Retype, word for word, the line holding "Bhutan Rundreise Kloster geführt" and every line below it to the end of the listing. Leave out the pictures.
▼
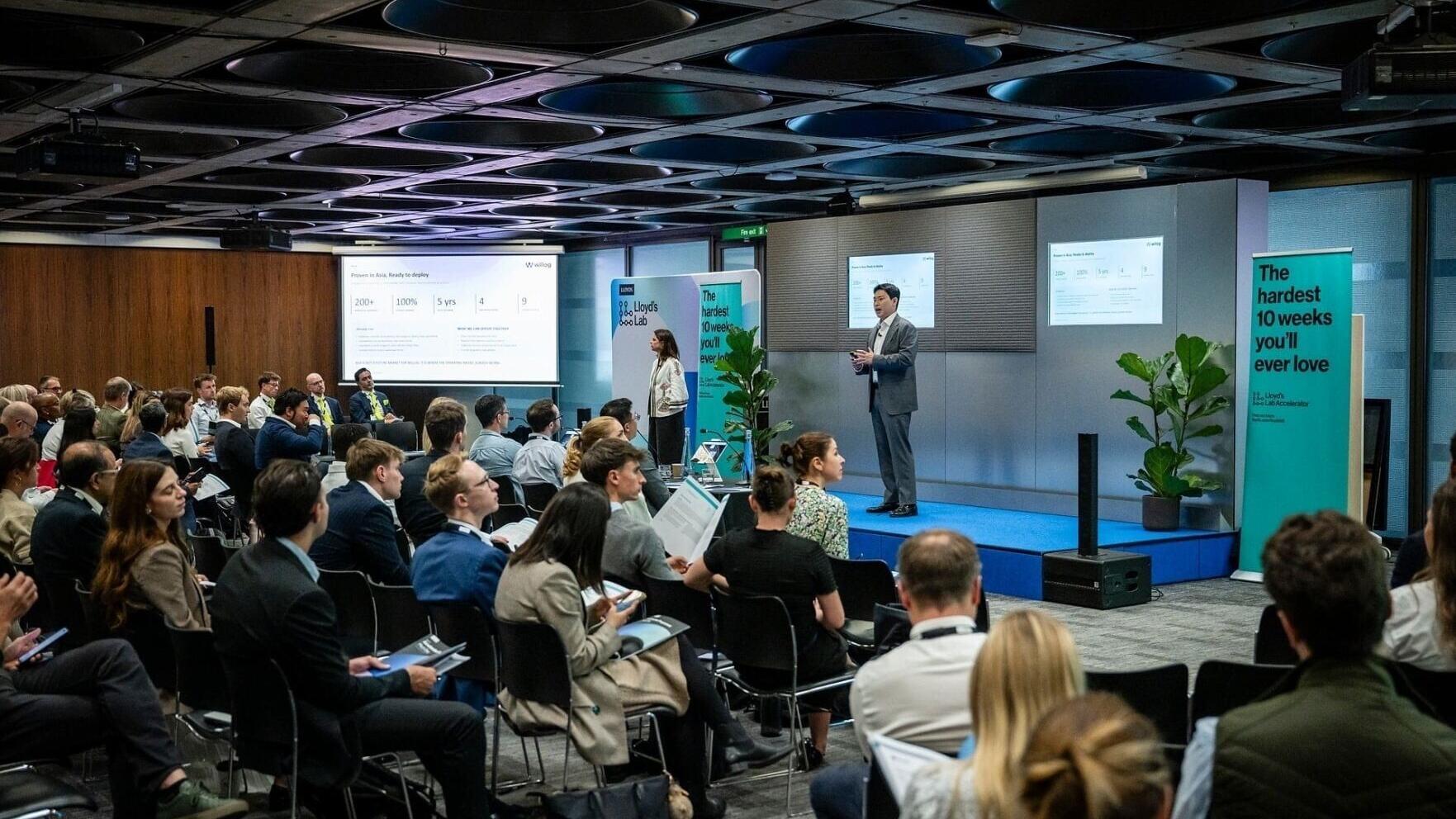 Willog CEO Jihyun Yoon delivers a presentation at 'Lloyd’s Lab unveils Cohort 17 following Pitch Day in London'.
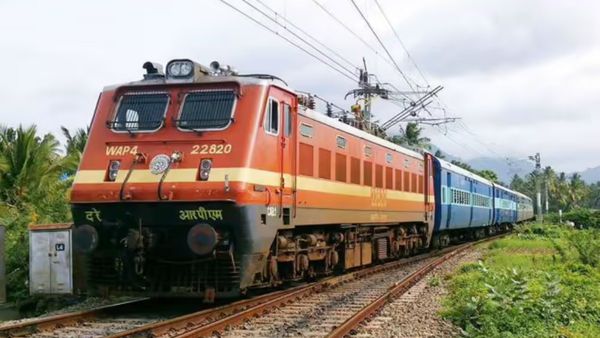 இந்திய ரயில்வேக்கே இந்த நிலைமையா? எல்பிஜி சிலிண்டர் தட்டுப்பாட்டால் IRCTC முக்கிய அறிவிப்பு..!!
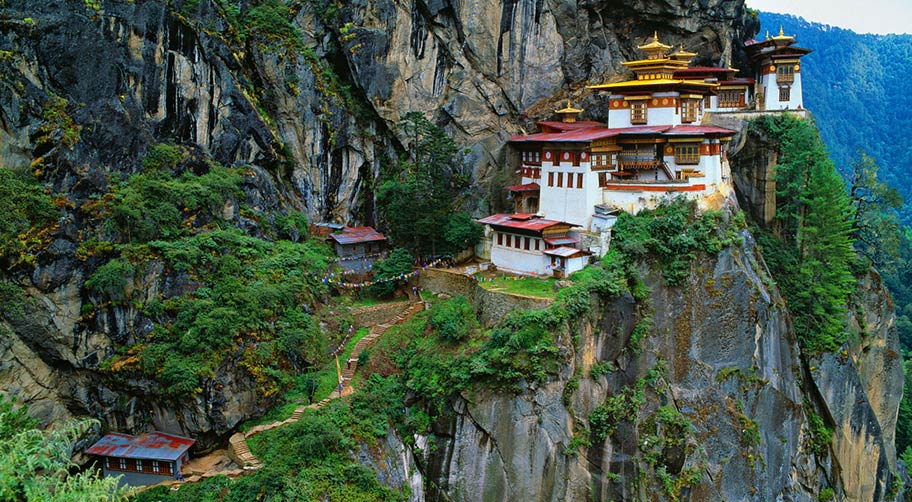 Bhutan Rundreise Kloster geführt
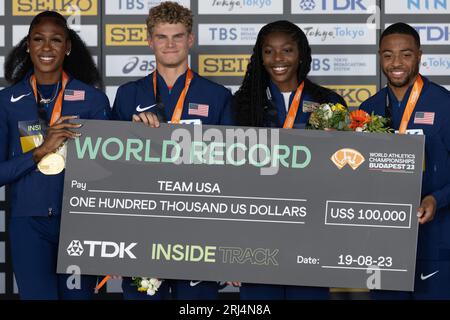 Budapest, Ungarn. August 2023. Goldmedaillengewinner Alexis Holmes, Matthew Boling, Rosey Effiong und Justin Robinson (L bis R) posieren während der Preisverleihung für die 4x400 m Mixed Relay bei den Leichtathletik-Weltmeisterschaften 2023 in Budapest, Ungarn, 20. August 2023. Quelle: Meng Dingbo/Xinhua/Alamy Live News Stockfoto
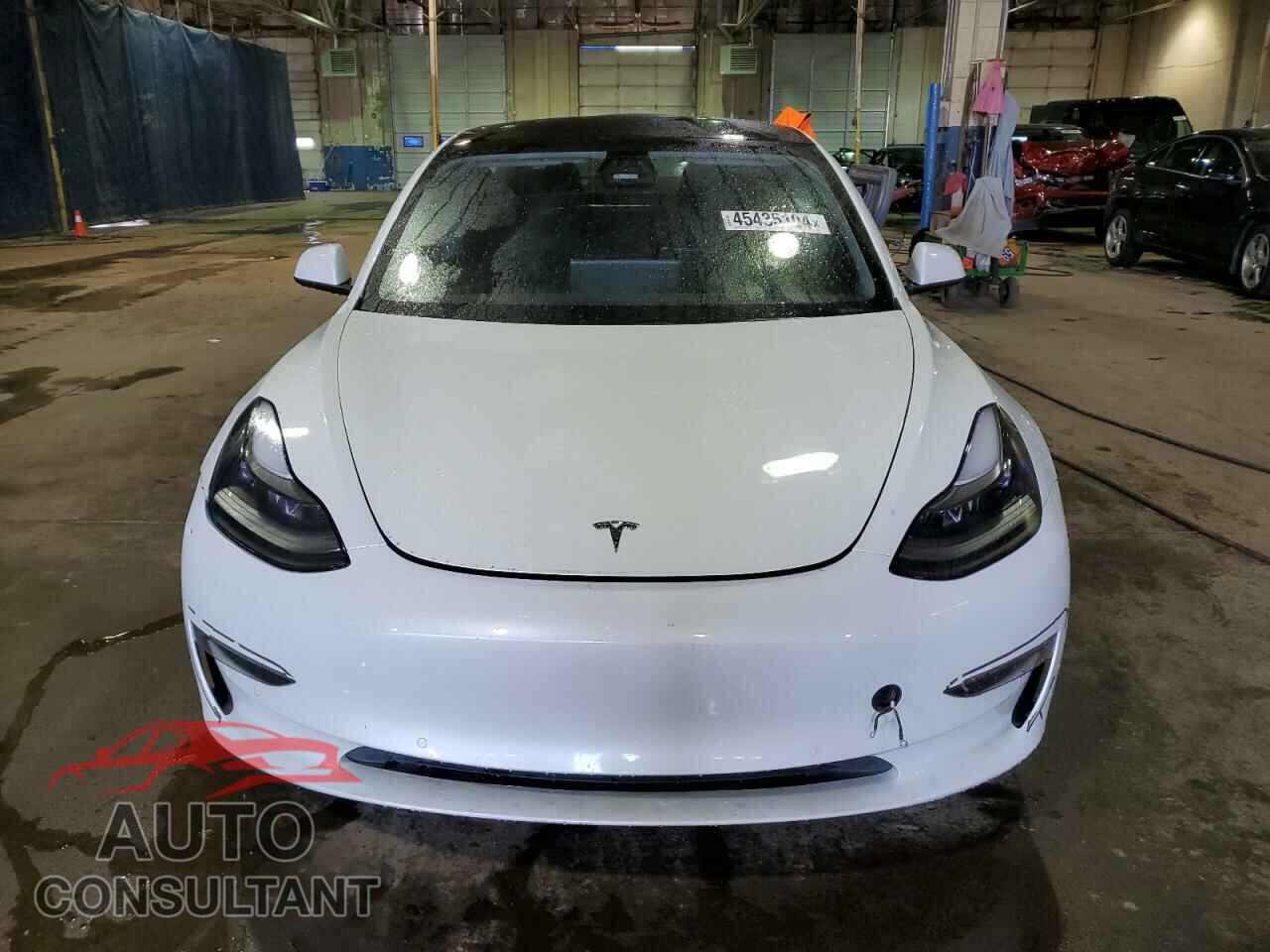 TESLA MODEL 3 2021 - 5YJ3E1EA2MF058625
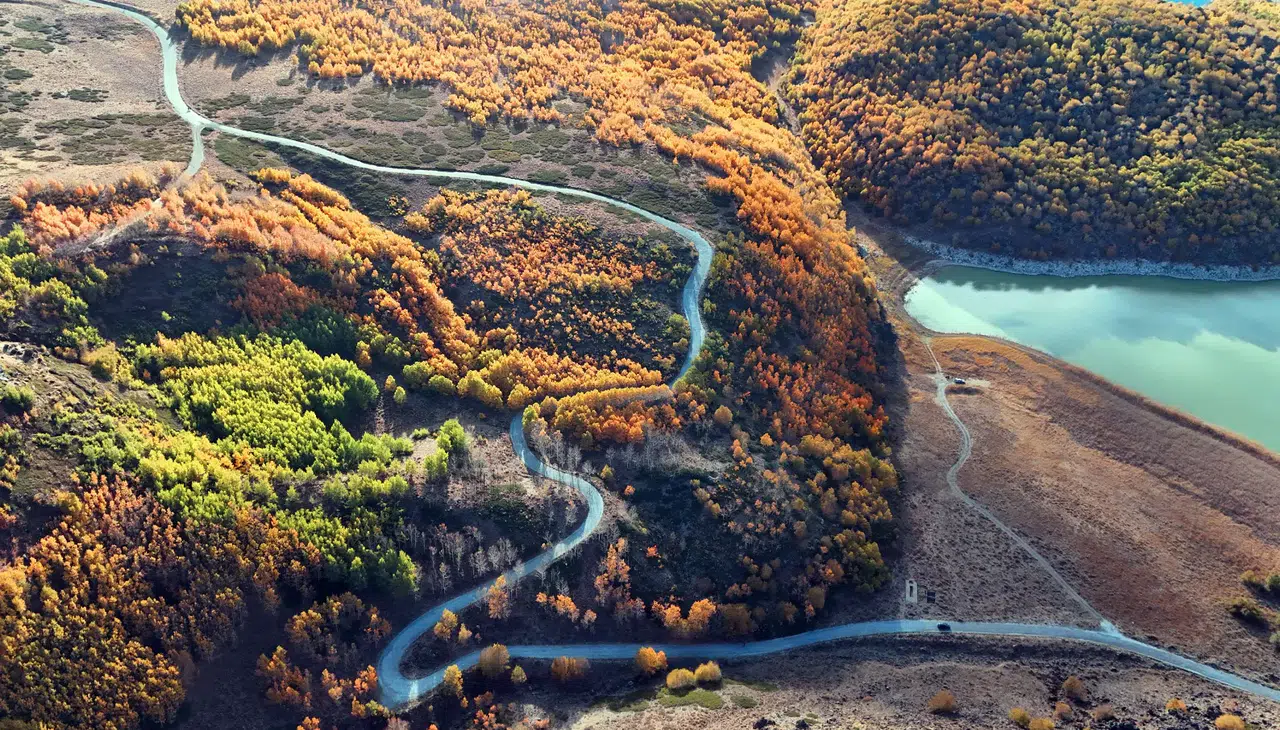 Nemrut Kalderası'nda hayranlık uyandıran sonbahar güzelliği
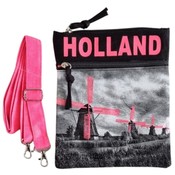 Robin Ruth Nektas - Passport bag - Holland - Windmills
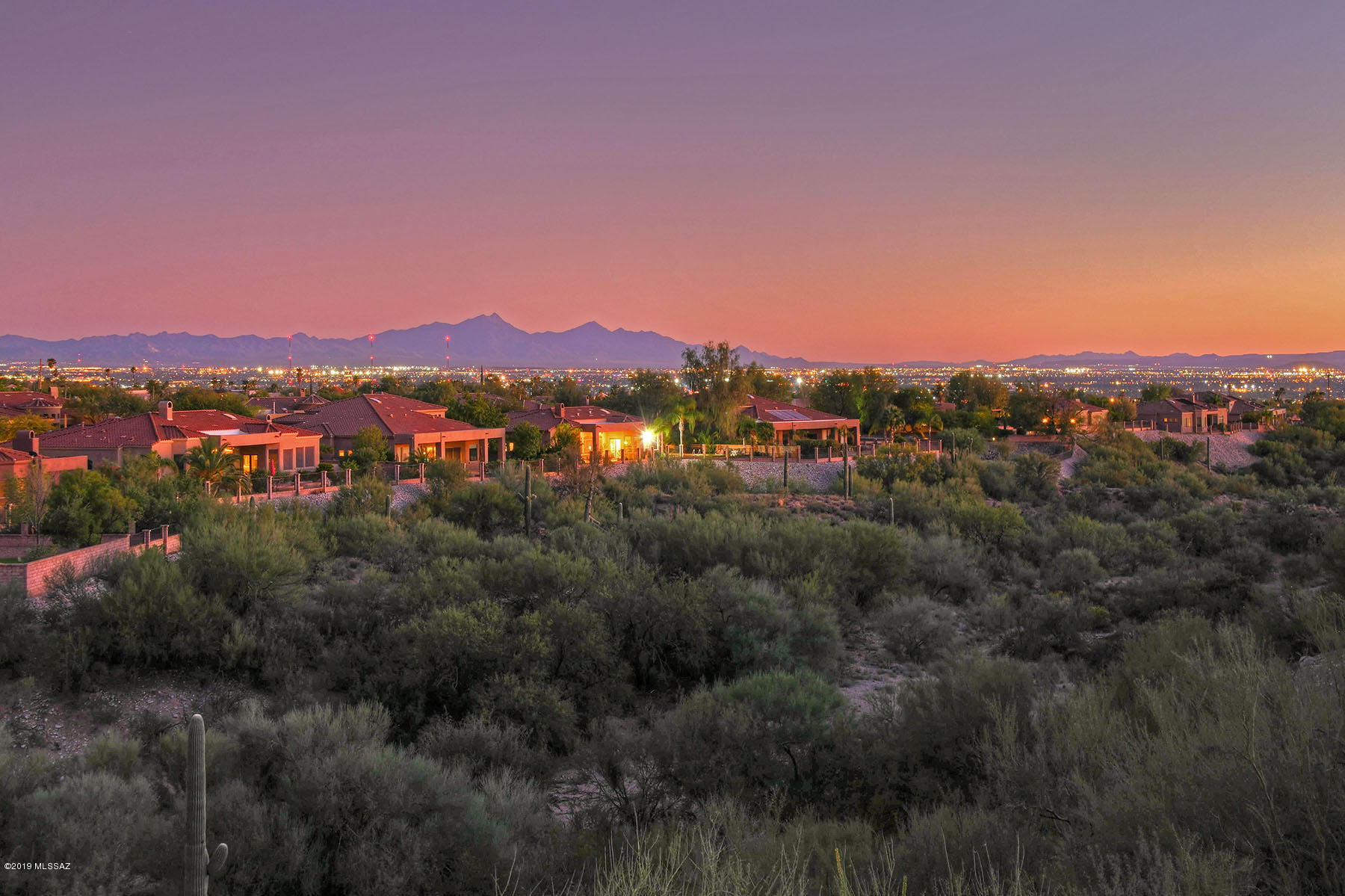 4418 E Pinnacle Ridge Place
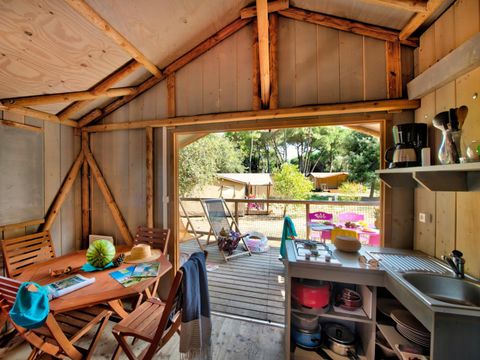 HÉBERGEMENT INSOLITE 4 personnes - LODGE BOIS CONFORT sur pilotis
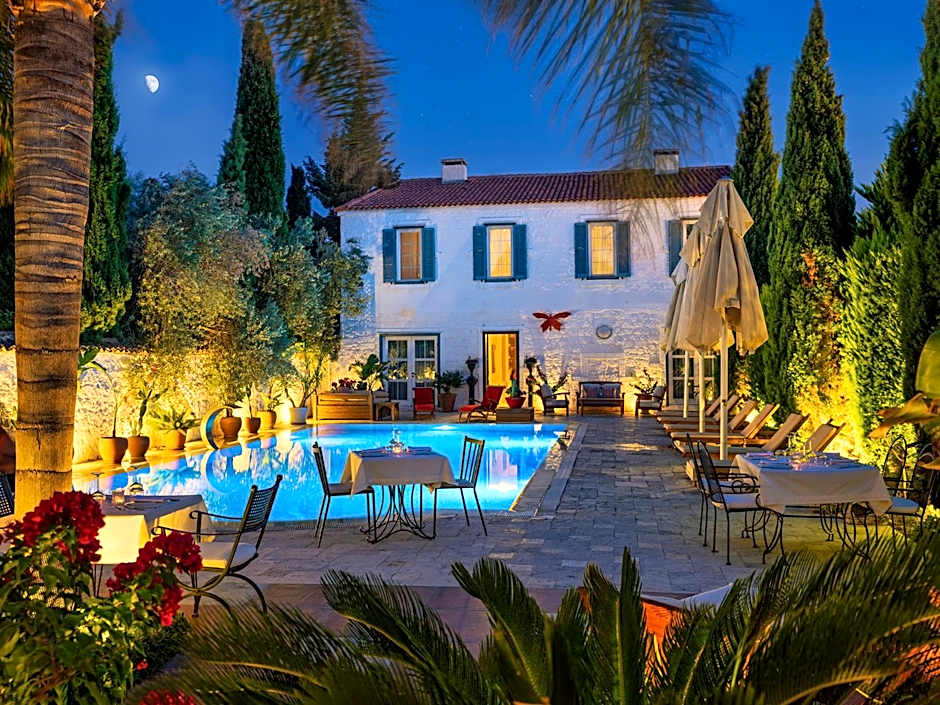 Beyevi Alaçatı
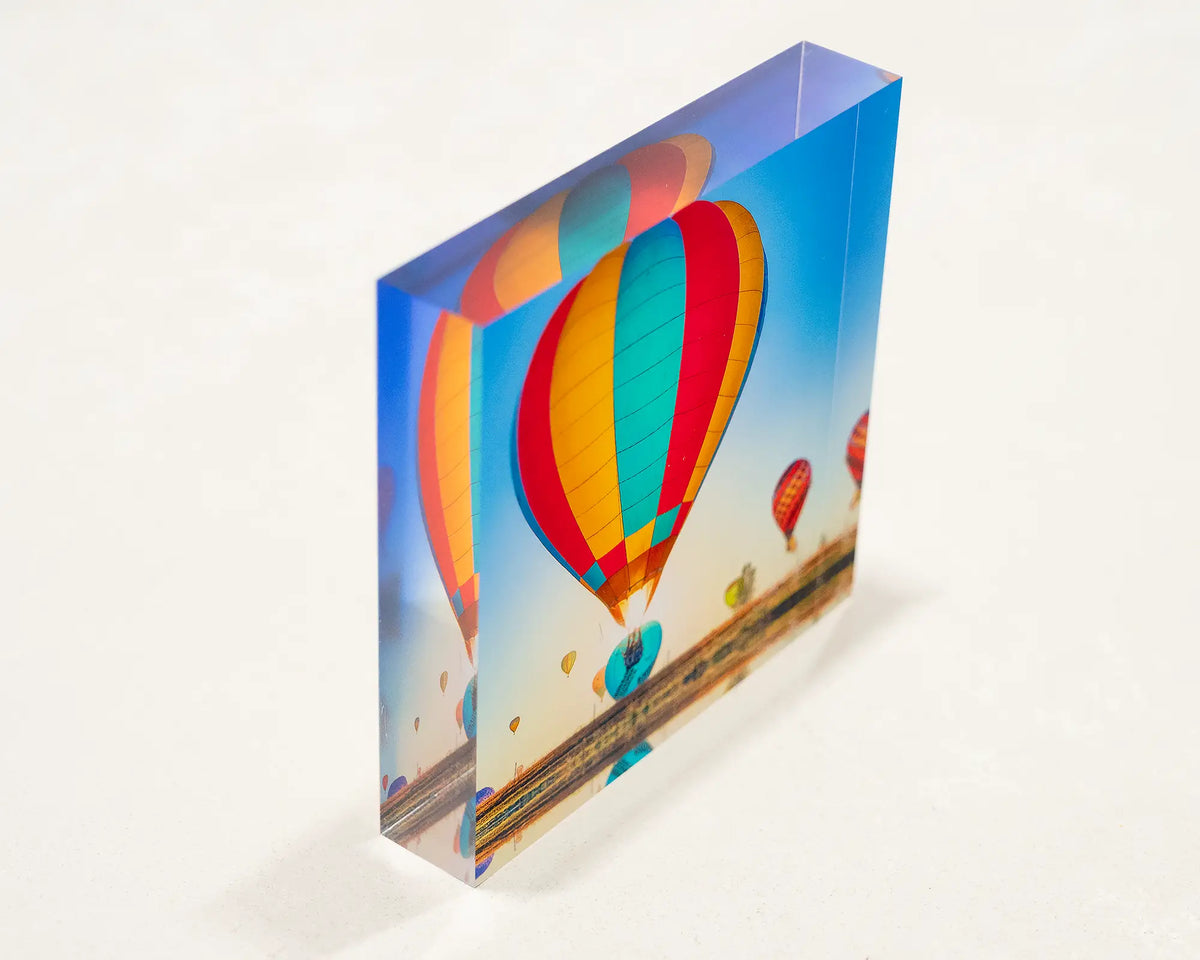 Lift. Acrylic block of Canberra balloon spectacular, side view showing 3D effect.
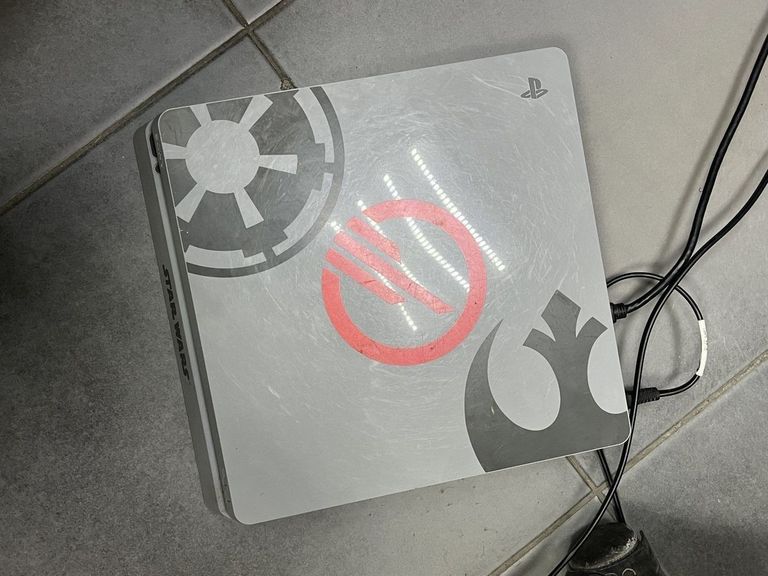 Объявление  Sony PlayStation 4 Slim 1TB Black Б/У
▲
§ Expected output:
 Bhutan Rundreise Kloster geführt
 Budapest, Ungarn. August 2023. Goldmedaillengewinner Alexis Holmes, Matthew Boling, Rosey Effiong und Justin Robinson (L bis R) posieren während der Preisverleihung für die 4x400 m Mixed Relay bei den Leichtathletik-Weltmeisterschaften 2023 in Budapest, Ungarn, 20. August 2023. Quelle: Meng Dingbo/Xinhua/Alamy Live News Stockfoto
 TESLA MODEL 3 2021 - 5YJ3E1EA2MF058625
 Nemrut Kalderası'nda hayranlık uyandıran sonbahar güzelliği
 Robin Ruth Nektas - Passport bag - Holland - Windmills
 4418 E Pinnacle Ridge Place
 HÉBERGEMENT INSOLITE 4 personnes - LODGE BOIS CONFORT sur pilotis
 Beyevi Alaçatı
 Lift. Acrylic block of Canberra balloon spectacular, side view showing 3D effect.
 Объявление  Sony PlayStation 4 Slim 1TB Black Б/У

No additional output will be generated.